Abstract:
A shielded connector (10,110) having a pair of substantially C-shaped shield members (40,70;140,170) mounted on the outside surfaces of a substantially box-shaped insulating housing (20,120). Shield members (40,140;70,170) are disposed so that each shield member is superimposed on three of the six outside surfaces of the insulating housing (20,120). A shroud (49) that includes a mating opening (48) used for engagement with the mating connector is formed in the forward shield member (40,140). A contact extension opening (74) is formed on the rearward shield member (70), and the contacts (30) include tines (32) extending rearward through contact extension opening (74). After the shield member (70) has been mounted, the tines (32) are bent to form throughhole-mountable or surface mountable type tines.

Description:
FIELD OF THE INVENTION 
     The present invention relates to the field of electrical connectors and more particularly to shielded connectors. 
     BACKGROUND OF THE INVENTION 
     The installation of metal shield members on the outside surfaces of substantially box-shaped insulating housings of electrical connectors for the purpose of preventing electrical noise has been known in the past. 
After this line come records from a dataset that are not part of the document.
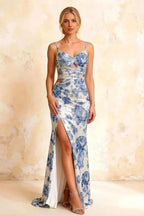 Jane Blue and White Floral Cutout Mermaid Slit Maxi Dress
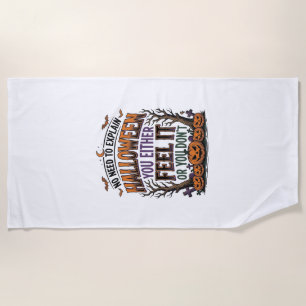 Serviette De Plage Chemise de citation Halloween Citrouille Chauve-so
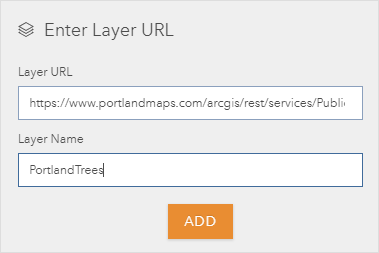 Der Bereich "Layer-URL eingeben" mit der Service-URL und dem Layer-Namen "PortlandTrees" Der Bereich "Layer-URL eingeben" mit der Service-URL und dem Layer-Namen "PortlandTrees"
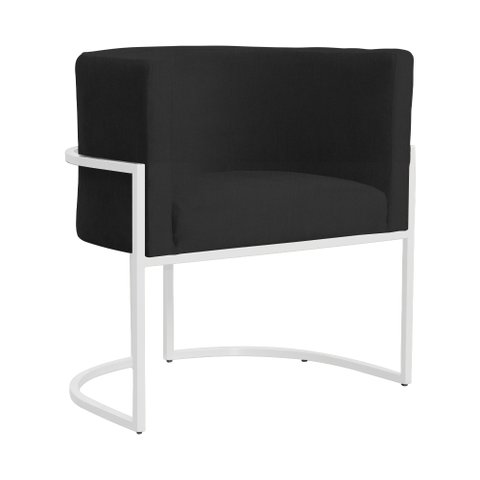 Poltrona Decorativa Luana Base Branca Suede Cores - DS Estofados Poltrona Luana Bordô
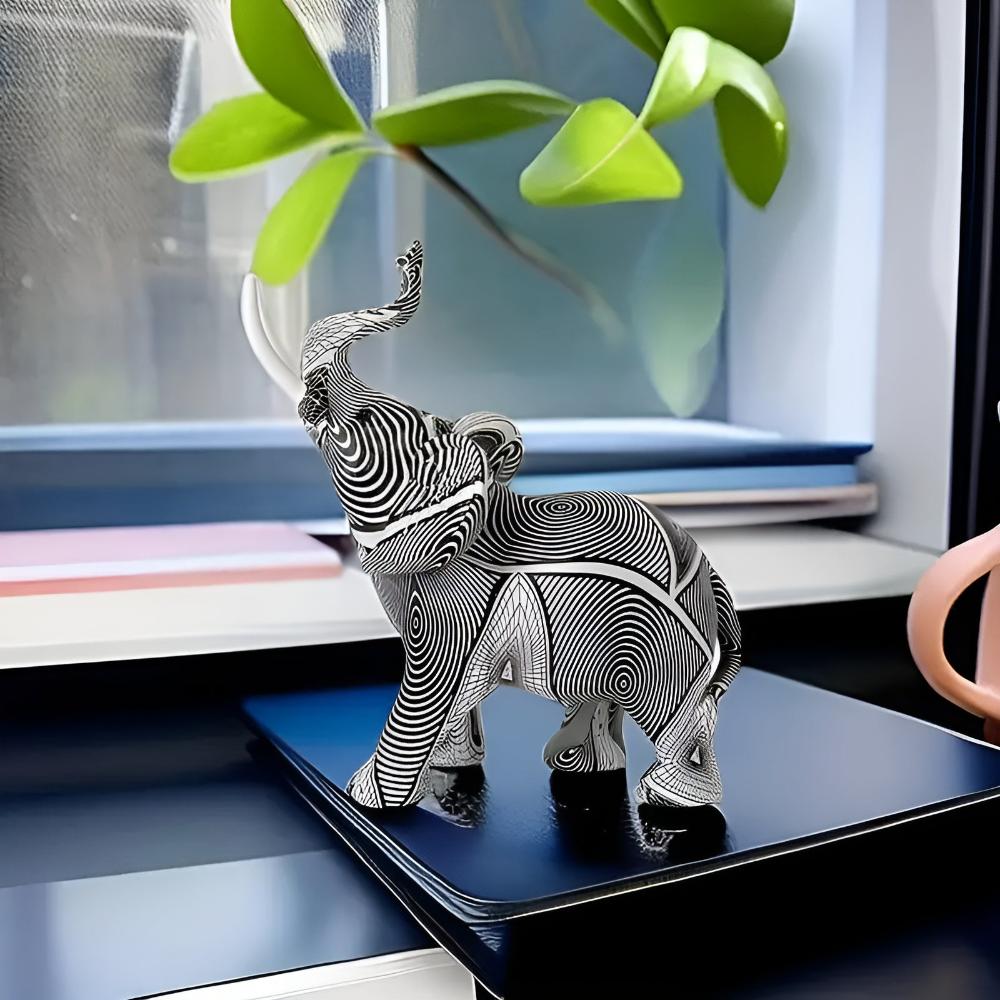 Svart & Vit Spiral Elefant Figur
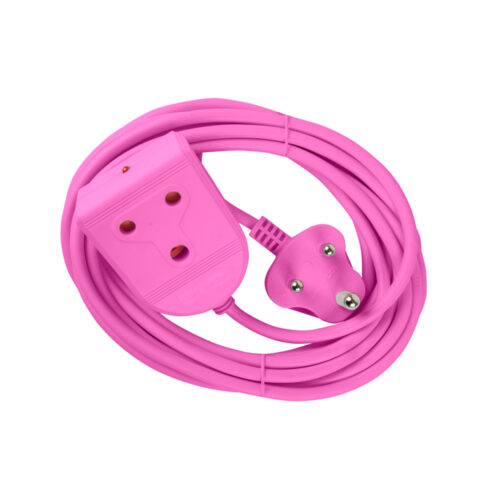 ELECTRICMATE PINK MEDIUM DUTY 5M EXTENSION LEADS 10AMP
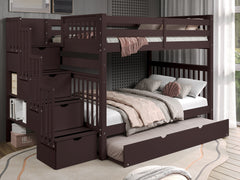 This Full over Full  Bunk Bed with Stairs with a Twin Trundle in Dark Cherry  will look great in your child's bedroom
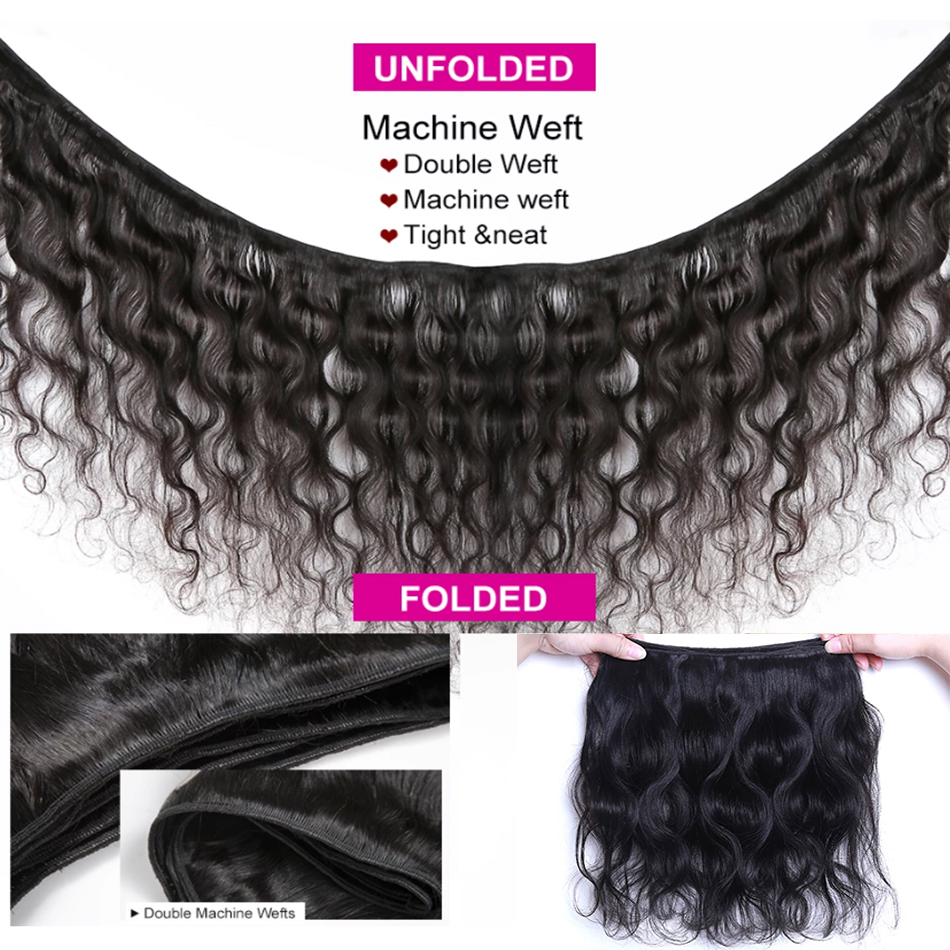 Bundle di onde del corpo in terapia di capelli malesi 1/3/4 pezzi umani bundle neri naturali a doppio disegno Draw body wave remy peli estensione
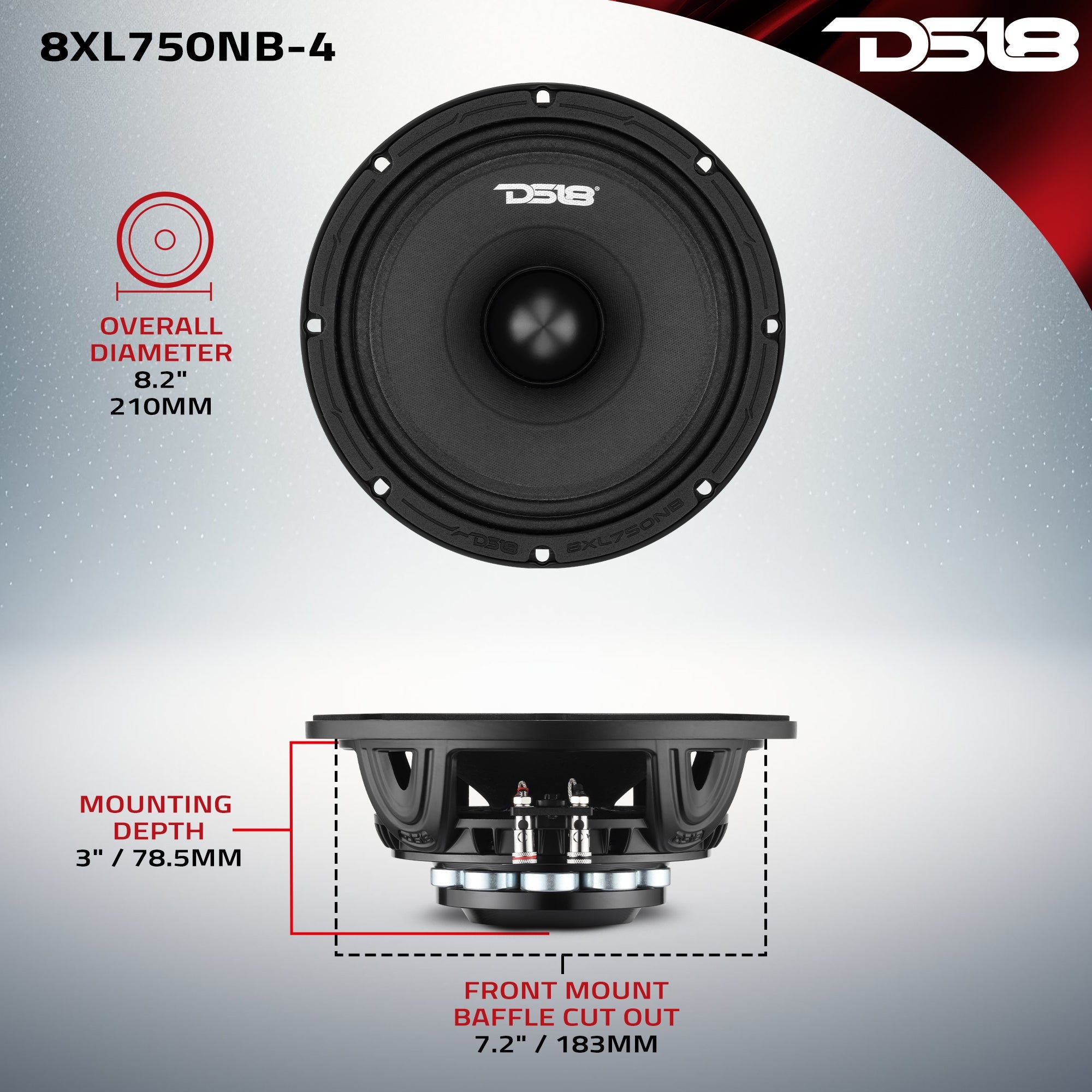 8" Midrange Loudspeaker with Neodymium Rings and Aluminum Bullet | 375 Watts RMS 4-Ohm - DS18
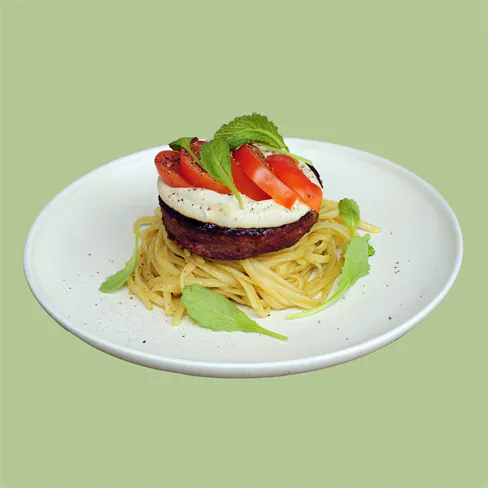 pasta y vegano milanesa vegetal
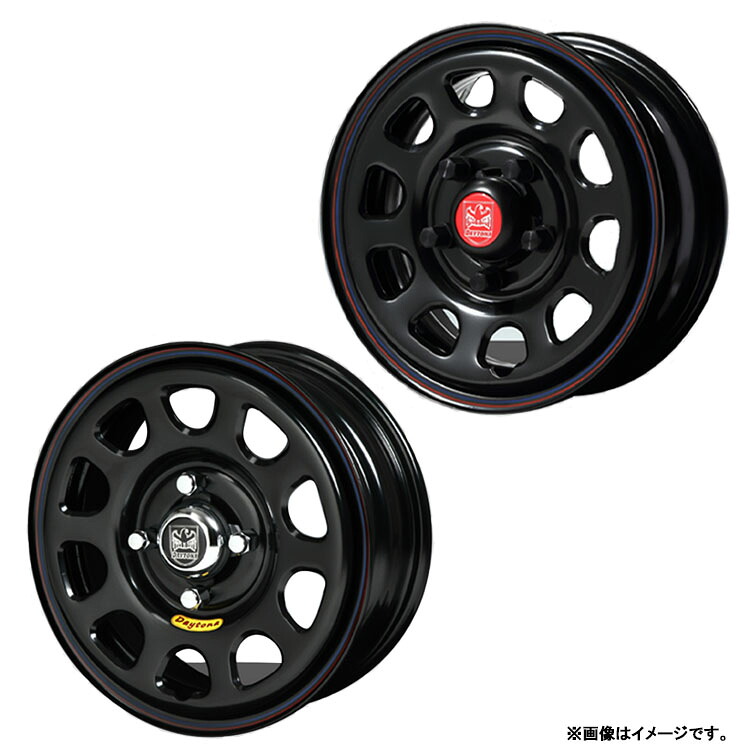 14インチ 5H114.3 5J 5J+45 5穴 デイトナ ブラックスチール FWD ホイール (1本/2本/4本) ブルー＆レッドライン DAYTONA STYLE デイトナ ブラックスチールFWD 送料無料 デイトナスタイル
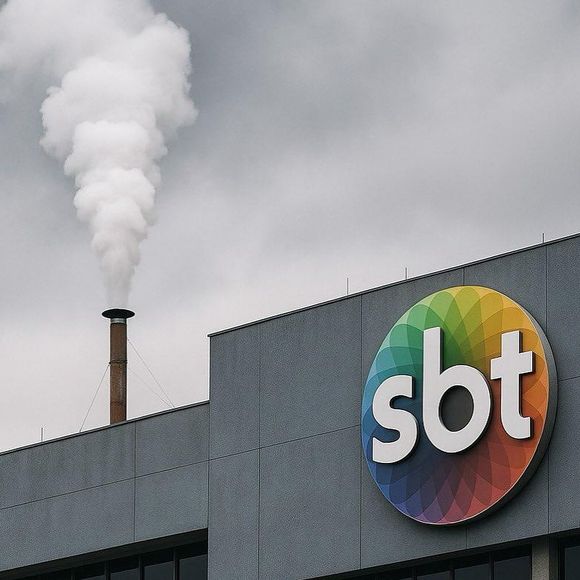 Imagem criada por internautas na web mostra o SBT com uma fumaça branca saindo dos estúdios.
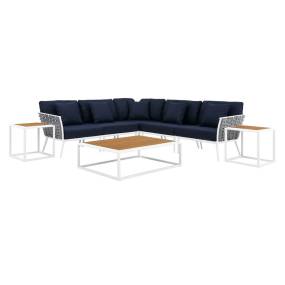 Stance 8 Piece Outdoor Patio Aluminum Sectional Sofa Set - East End Imports EEI-5757-WHI-NAV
     One example of a shielded electrical connector of this type is disclosed in Japanese Utility Model Application No. 5-34679. This disclosed electrical connector is a circuit board mounted connector; in this connector, a shield member constructed from metal plates is disposed so that this shield member is superimposed on four of the outside surfaces of the substantially box-shaped insulating housing. 
     In recent years, electrical connectors have tended to become more compact, and compactness has also been required in the shielded connectors described above. In addition, it is desirable that the shield members be disposed so that the outside surfaces of the connector are enveloped to the maximum extent possible. The object of the present invention is to provide a shielded connector that can easily be manufactured and assembled as a compact connector that has good shielding characteristics, and a method for manufacturing such a shielded connector. 
     In U.S. Pat. No. 5,281,169 is disclosed a boardmountable connector with right angle contacts and having a shield that comprises a forward shell part disposed across the housing mating face and the opposed side walls, and a rearward shell part that is disposed along the top housing wall and defines a continuous imperforate rear shield wall. 
     SUMMARY OF THE INVENTION 
     The present invention is characterized by the fact that in a shielded connector in which a substantially boxshaped insulating housing in which a mating face and a contact extension surface are positioned back-to-back is enveloped by a shielding means, the shielding means consists of a pair of substantially C-shaped shield members, each of which is positioned so that the shield member is superimposed on three of the six outside surfaces of the insulating housing, an opening used for mating with the mating connector is formed in a forward shield member, and a contact extension opening is formed on the rear shield member. 
     Preferably, the forward one of the substantially C-shape shield members includes a base wall and a pair of opposite walls, with the mating opening being formed in the base wall, and means used for engagement with the insulating housing being formed in the pair of opposite walls. Furthermore, the rear shield member includes a base wall and a pair of opposite walls, with the contact extension opening being formed in the base wall, and means used for engagement with the insulating housing being formed in the pair of opposite walls. 
     Preferably, furthermore, both of the shield members are formed by working metal plates. In this case, the forward shield member is formed by working a metal plate that is thicker than the metal plate used for the rear shield member, and the mating opening is formed inside a shroud that is formed by reduction working. Furthermore, the rear shield member has contact parts that can contact the forward shielding member. 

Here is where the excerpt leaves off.